"When the widder biled the taters, cowcumbers and yerbs raly stiddily on yender fire by the chimbly, she left them unkivered. I was narvous and afeard they'd bile for an etarnity and arterwards there'd be nothing to dreen, not a spumful left. Where on airth does she get sich idees?"
Today that passage reads: "When the widow boiled the potatoes and cucumbers and herbs really steadily on yonder fire by the chimney, she left them uncovered. I was nervous and afraid they'd boil for an eternity and afterward there'd be nothing to drain, not a spoonful left. Where on earth does she get such ideas?"
This more or less authentic rendering of late-18th-early-19th-century New England speech—often carried into Western New York—is based on "vulgarisms" listed in Caleb Bingham's spelling book of the period. He was calling attention to common pronunciations that presented problems when trying to teach proper spelling. As pointed out last month in this series, even the well educated were often inconsistent spellers, but those coming from less lettered backgrounds brought dialect pronunciations not calculated to help them arrive at standard orthography.
Spelling, normal spelling, was the link between the spoken language and literacy. Early spelling instruction promoted spelling bees but it also helped students to read aloud, translating the alphabet on the page into agreed-upon pronunciation, at least approximately. Then too, as students learned to communicate through writing, they again needed the intermediary of agreed-upon spellings. Hence, spelling books, like Noah Webster's, were also instructional books in reading and models for writing in standard American English. More successfully than any other, Noah Webster, of West Hartford, Connecticut, provided tools—spellers, grammars, and dictionaries—essential to a nation digesting dialects and regionalisms into a more or less national literate voice, and he made a fortune doing it.
During the American Revolution his prospects seemed limited, as he later described them: "Having neither property nor powerful friends to aid me, & being utterly unacquainted with the world—I knew not what business to attempt nor by what means to obtain subsistence. Being set afloat in the world at the inexperienced age of twenty (but with a Yale education), without a father's aid which had before supported me, my mind was embarrassed with solicitude, & overwhelmed with gloomy apprehensions."
Rising to this crisis, after three days of introspection fueled by Samuel Johnson's Rambler, he decided on school teaching, although he aspired to the law and later attained law credentials. He ran the following ad in a Connecticut town near the New York border, according to E. Jennifer Monaghan in her fine study, A Common Heritage: Noah Webster's Blue-Back Speller.

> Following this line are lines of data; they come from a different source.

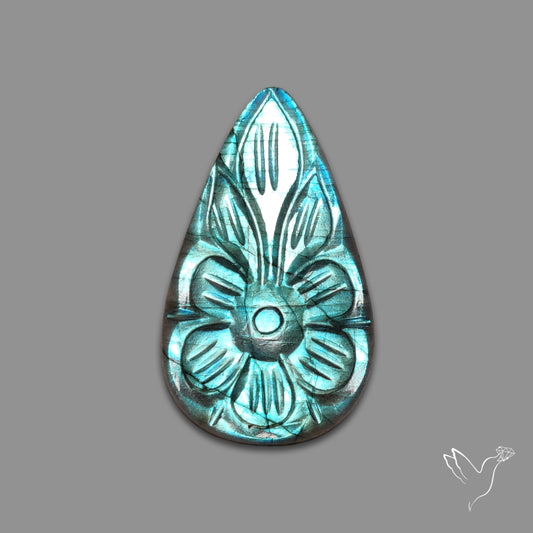 Blue Labradorite Mughal Carving Handcarved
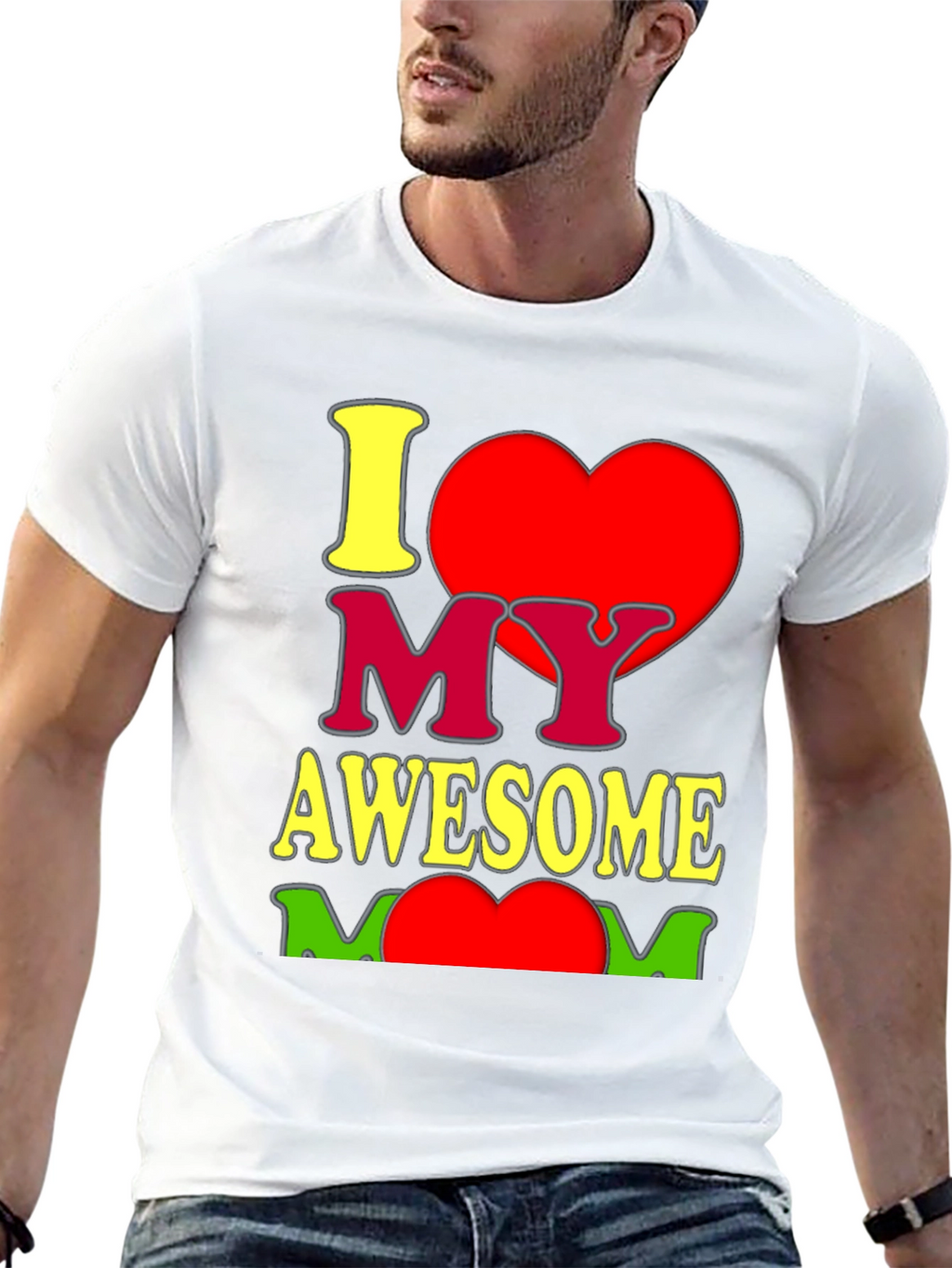 I Heart My Awesome Mom Graphic T-Shirt - Black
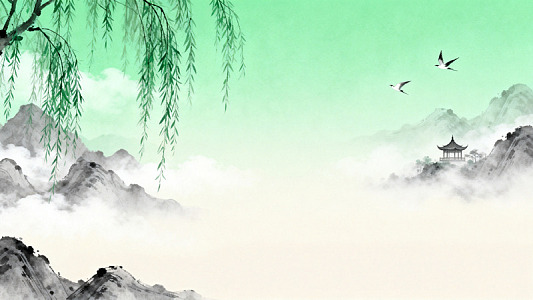 水墨山水画古风风景画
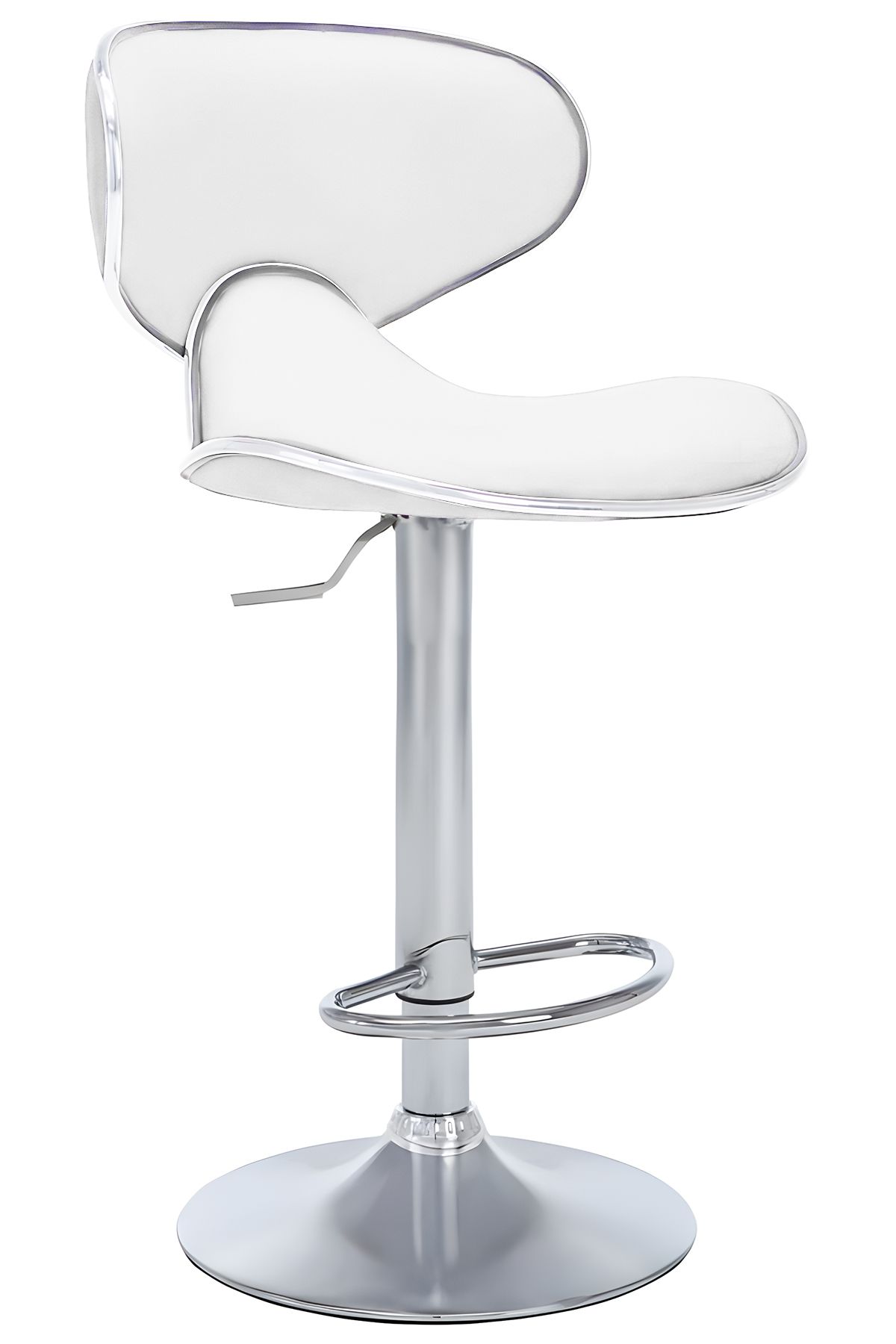 Bürocci Zen Bar Taburesi - Beyaz Modern Deri Metal Ayaklı Yüksek Tezgah Sandalyesi - 9549s0486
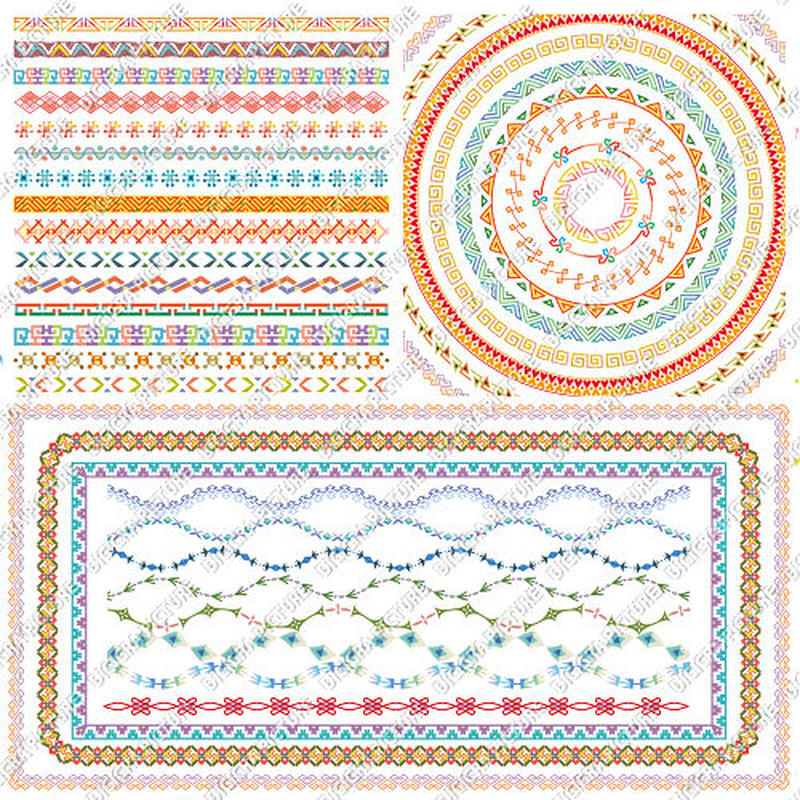 デザイン素材集 Ep25 彩kazari 飾り罫 囲み罫 エスニックデコ E Desi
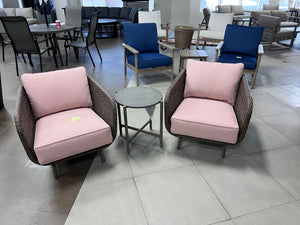 2 Wicker Club Chairs + Side Side Table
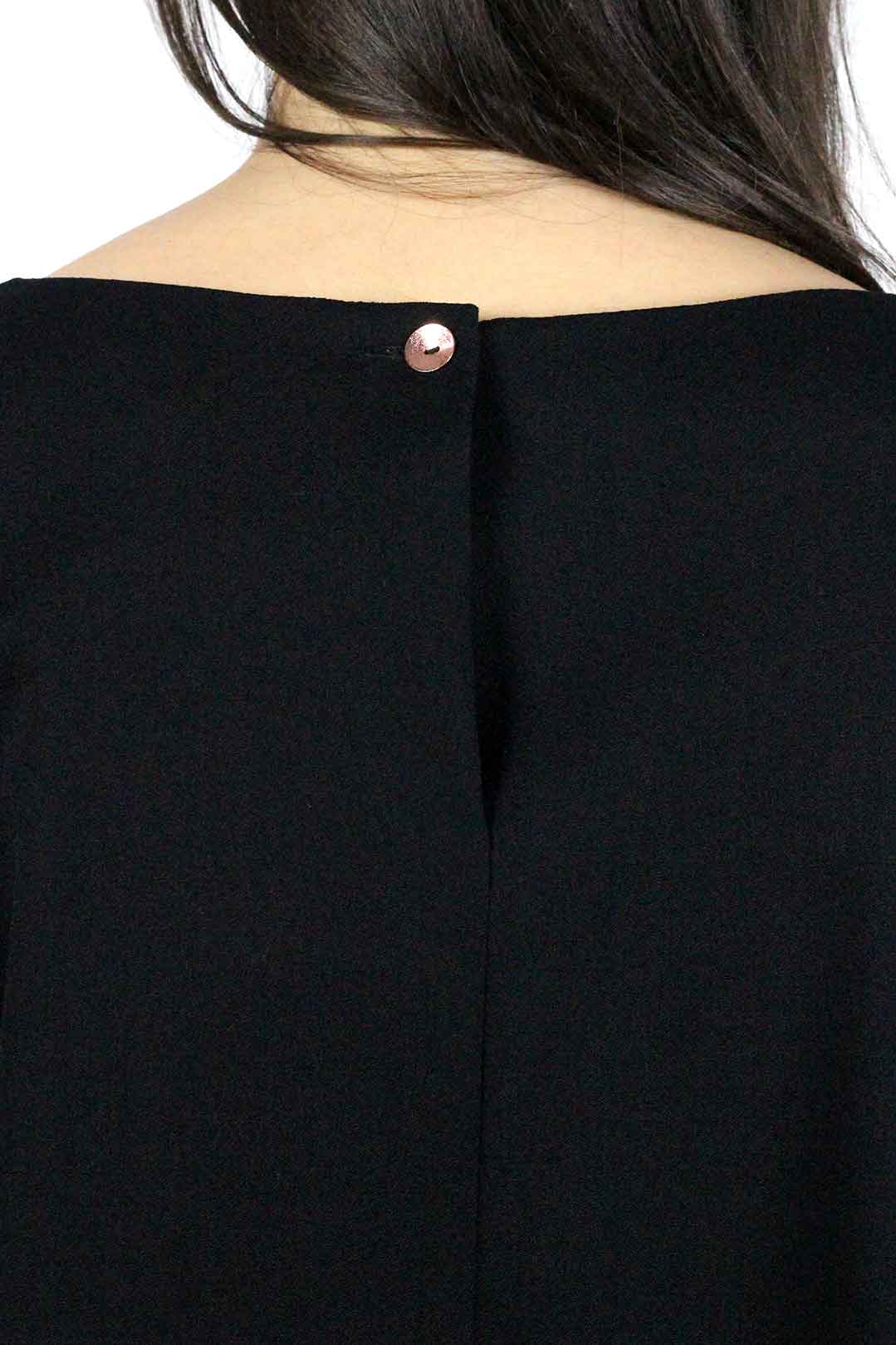 Top noir manche longue en crêpe - Cara 7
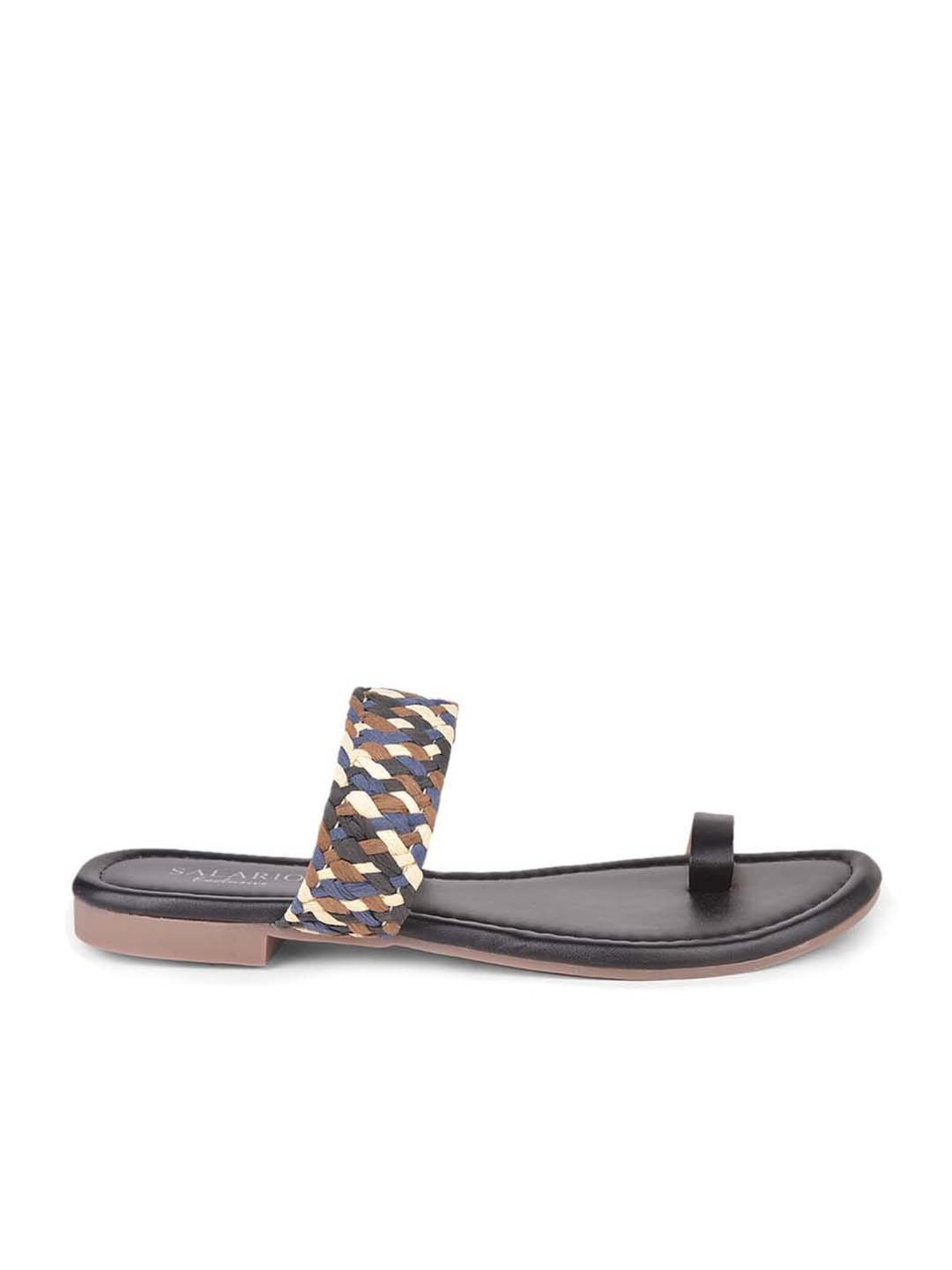 Salario Women's Black Toe Ring Sandals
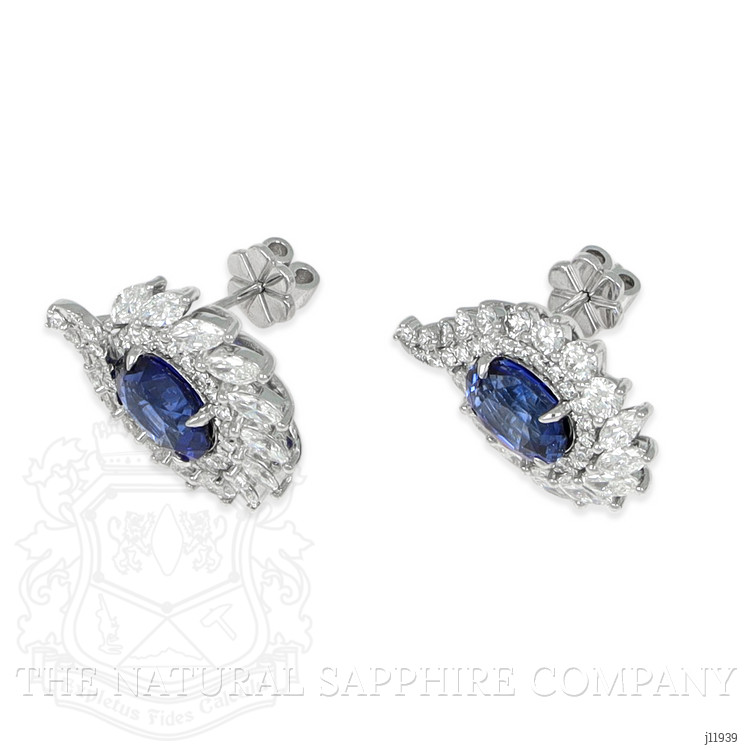 4.09 Ct.Tw. Blue Sapphire and Yellow Natural Diamond Studs Earrings, 14K White Gold
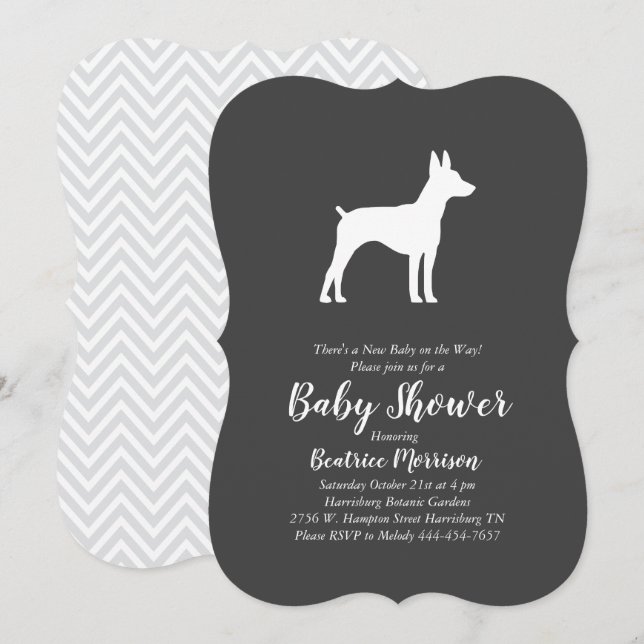 Råtta Terrier Hund Baby Shower Gender Neutral Inbjudningar (Fram/baksida)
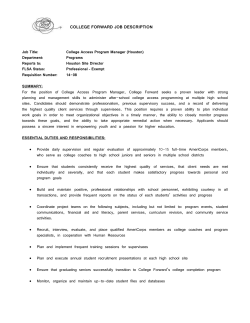 job description - College Forward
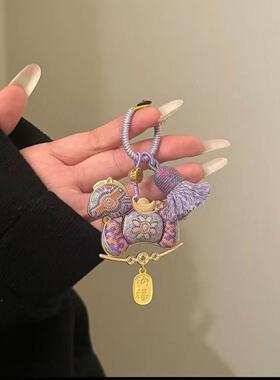 手工 宋锦挂件 蝴蝶马上有钱花钥匙扣挂件新中式流苏吊坠包包挂饰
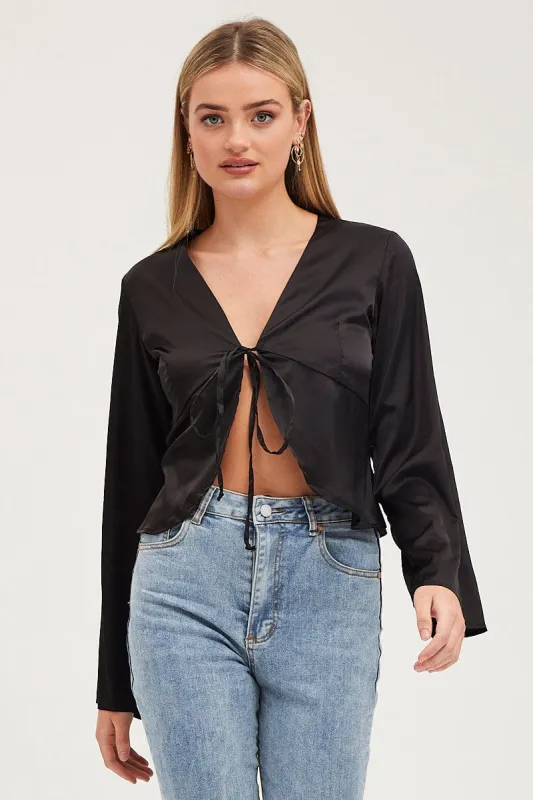 Black Satin Jacket Long Sleeve sold by Ally Fashion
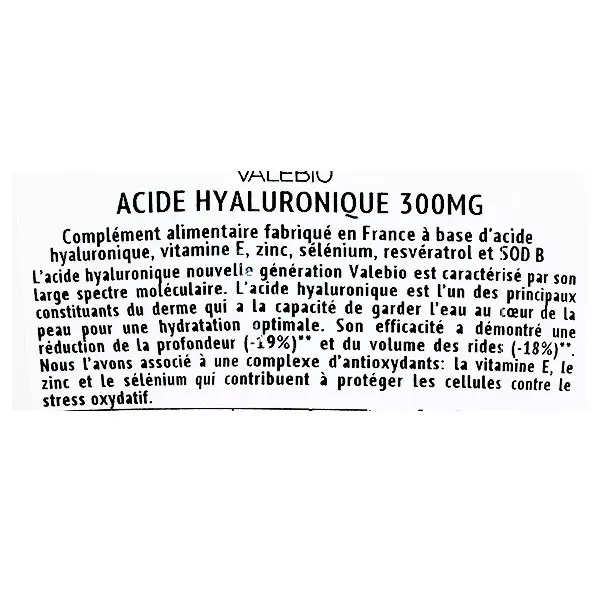 Valebio Acide Hyaluronique 300mg 30 gélules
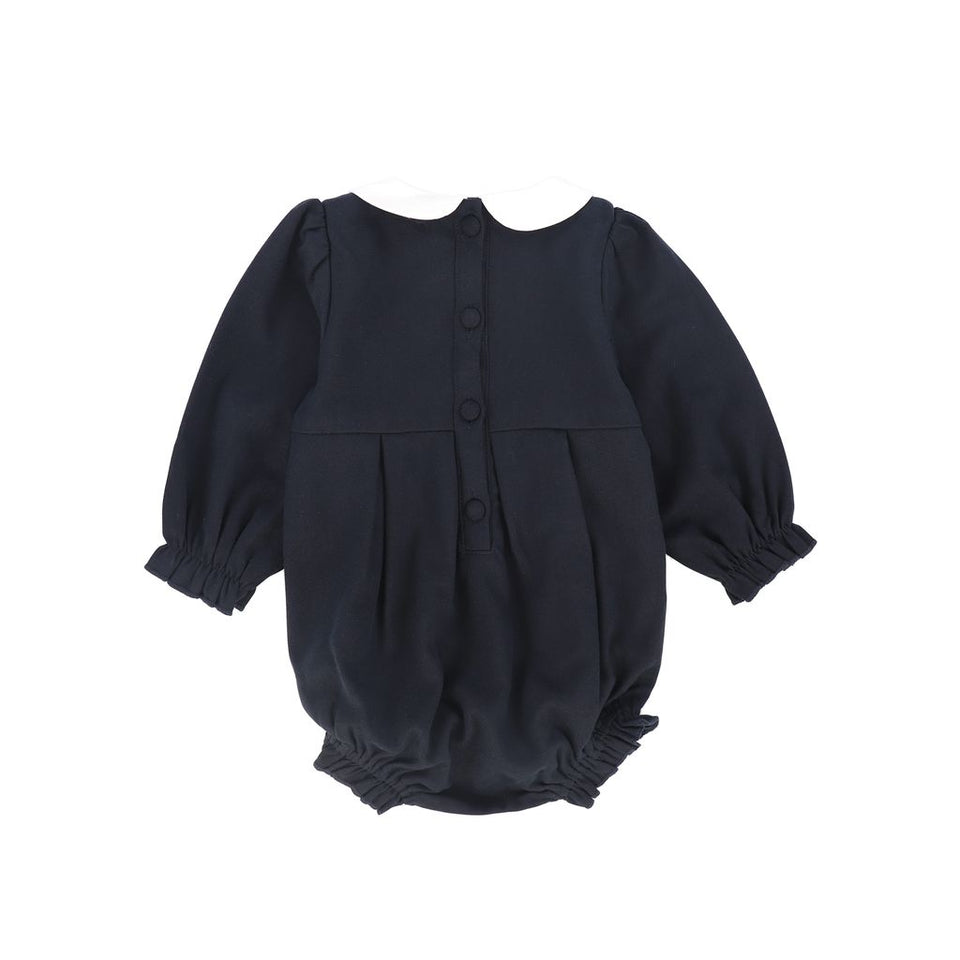 Bamboo Navy Wool Embroidered Romper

He proposed "immediately to open a school...in which young Gentlemen and Ladies may be instructed in Reading, Writing, Mathematicks, the English Language, and if desired, the Latin and Greek Languages—in Geography, Vocal Music, &c. at the moderate price of Six Dollars and two thirds per quarter per scholar." And foreshadowing the tone of his school books, added, "The strictest attention will be paid to the studies, the manners and the morals of youth..." He signed himself, "the public's very humble servant."
So well did he design his instructional materials for publication that they quickly became run-away best sellers. "At a time when a lifetime sale of 25,000 copies could be considered the hallmark of a bestselling trade book, the speller would reach half that number in a mere sixteen months after its publication." Companies licensed to publish it spread across the Northeast and early in the 19th century across the Appalachians. The time was excitingly ripe and Webster was its patriotic harvester.
In the introduction to his speller he wrote:
American glory begins to dawn at a favourable period, and under flattering circumstances. We have the experience of the whole world before our eyes...It is the business of Americans to select the wisdom of all nations, as the basis of her constitutions—to avoid their errours, —to prevent the introduction of foreign vices and corruptions and check the career of her own, —to promote virtue and patriotism, —to embellish and improve the sciences, —to diffuse an uniformity and purity of Language,—to add superiour dignity to this infant Empire and to human nature.
His books echoed that chord and his lawyerly skills and the energies of his extended family, under his careful personal supervision, carried these gospels into licensed publication and nearly ubiquitous sales across the young republic. For example, by 1818 his Philadelphia editions had sold 657,000 spellers; the Albany editions nearly 200,000 and those printed in Utica 168,000 copies.
A decade later he published his landmark American Dictionary of the English Language, some 20 years in the making. In 1842 a New Haven paper observed:
...Dr. Webster has probably done less for the English language in our country by his dictionary than by his spelling book. But for the all-prevailing presence of this book throughout our wide extended country, nothing could have saved us from as great a diversity of dialects as there is in England...And this is principally owing to the fact that nearly every one who has learned to read, has acquired his rudiments from Webster's Spelling Book....
A son in law who succeeded Noah Webster in the business attributed to the speller "more than to any other cause.. .that remarkable uniformity of pronunciation in our country, which is often spoken of with surprise by English travelers." That overstates the case, but Webster's Blue-Back Speller was a great shaper of American education and language in the 19th century.
I wonder how Noah Webster would have responded to the Rochester-area pronunciation of A-S-P-H-A-L-T, "ashphalt"?